# Get Anatomical Regions (by %) for significant group map clusters identified with FSL's cluster command


The purpose of this notebook is to take significant clusters from group analysis outputs (whole brain analyses), and describe the anatomical parcellation that makes up the clusters, by percent. 

See relevant lab wiki here: https://github.mit.edu/Saxelab/fmri_analysis/wiki/thresholding-by-significance-and-cluster-size

For example, say you have a significant clustes from a whole-brain group analysis. This script will say, for each cluster, X% of the cluster is in anatomical region A, Y% of the cluster is in anatomical region B. Etc. 


It is expected that you have a standard anatomical parcellation in the same template space as your data.
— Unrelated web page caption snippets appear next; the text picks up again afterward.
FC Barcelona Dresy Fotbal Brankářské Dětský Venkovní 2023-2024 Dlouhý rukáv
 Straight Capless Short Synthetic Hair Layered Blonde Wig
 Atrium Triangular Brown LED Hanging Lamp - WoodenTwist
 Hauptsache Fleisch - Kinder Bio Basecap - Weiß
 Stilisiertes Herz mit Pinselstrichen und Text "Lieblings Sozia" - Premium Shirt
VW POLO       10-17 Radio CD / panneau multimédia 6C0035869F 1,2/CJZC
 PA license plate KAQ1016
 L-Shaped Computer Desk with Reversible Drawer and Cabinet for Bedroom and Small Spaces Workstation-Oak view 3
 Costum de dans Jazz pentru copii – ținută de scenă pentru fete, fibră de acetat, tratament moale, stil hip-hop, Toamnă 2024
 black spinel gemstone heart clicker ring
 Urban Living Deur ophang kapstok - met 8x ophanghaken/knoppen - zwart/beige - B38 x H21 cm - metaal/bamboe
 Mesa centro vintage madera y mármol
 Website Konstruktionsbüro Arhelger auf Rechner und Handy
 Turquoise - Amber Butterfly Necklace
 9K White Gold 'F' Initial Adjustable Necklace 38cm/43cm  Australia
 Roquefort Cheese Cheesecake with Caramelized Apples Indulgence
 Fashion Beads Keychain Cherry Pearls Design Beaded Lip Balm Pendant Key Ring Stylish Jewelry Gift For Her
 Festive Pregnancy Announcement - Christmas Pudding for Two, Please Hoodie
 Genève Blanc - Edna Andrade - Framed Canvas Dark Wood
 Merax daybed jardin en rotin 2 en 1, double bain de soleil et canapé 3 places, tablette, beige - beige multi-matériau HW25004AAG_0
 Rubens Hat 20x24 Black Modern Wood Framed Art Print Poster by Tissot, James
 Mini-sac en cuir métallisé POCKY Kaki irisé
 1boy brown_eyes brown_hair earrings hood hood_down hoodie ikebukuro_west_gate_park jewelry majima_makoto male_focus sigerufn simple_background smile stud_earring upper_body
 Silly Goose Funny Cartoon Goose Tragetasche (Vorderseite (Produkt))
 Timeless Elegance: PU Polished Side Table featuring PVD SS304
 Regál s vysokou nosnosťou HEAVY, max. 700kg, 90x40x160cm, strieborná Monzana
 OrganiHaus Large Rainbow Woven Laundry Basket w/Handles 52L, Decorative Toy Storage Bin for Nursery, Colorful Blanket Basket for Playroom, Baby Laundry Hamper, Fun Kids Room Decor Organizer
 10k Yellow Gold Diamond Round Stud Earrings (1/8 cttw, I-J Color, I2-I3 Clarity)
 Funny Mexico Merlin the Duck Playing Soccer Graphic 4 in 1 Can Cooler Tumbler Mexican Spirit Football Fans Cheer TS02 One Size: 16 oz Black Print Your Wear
Recommended is the Desikan-Killiany atlas, which you can access in our template space (MNI152NLin6Asym) here: 

https://github.com/neurodata/neuroparc 

> atlases/label/Human/Desikan_space-MNI152NLin6_res-2x2x2.nii.gz 
> atlases/label/Human/Anatomical-labels-csv/Desikan.csv 



In [None]:
import os
import os.path as op
import shutil
import glob
from nilearn import image
from nilearn import masking
import numpy as np
import scipy.stats
import pandas as pd
import datetime
import subprocess

In [None]:
proj_dir = '/om2/group/saxelab/NES_fMRI/study2'

tier_dir = op.join(proj_dir,'TIER')


#group_analysis_dir = op.join(tier_dir,'analysis_data','group_analysis')
group_analysis_dir = op.join(tier_dir)


In [None]:
# set paths to files (outputs from FSL's cluster command, specifically the indices i.e. atlas of cluster identities)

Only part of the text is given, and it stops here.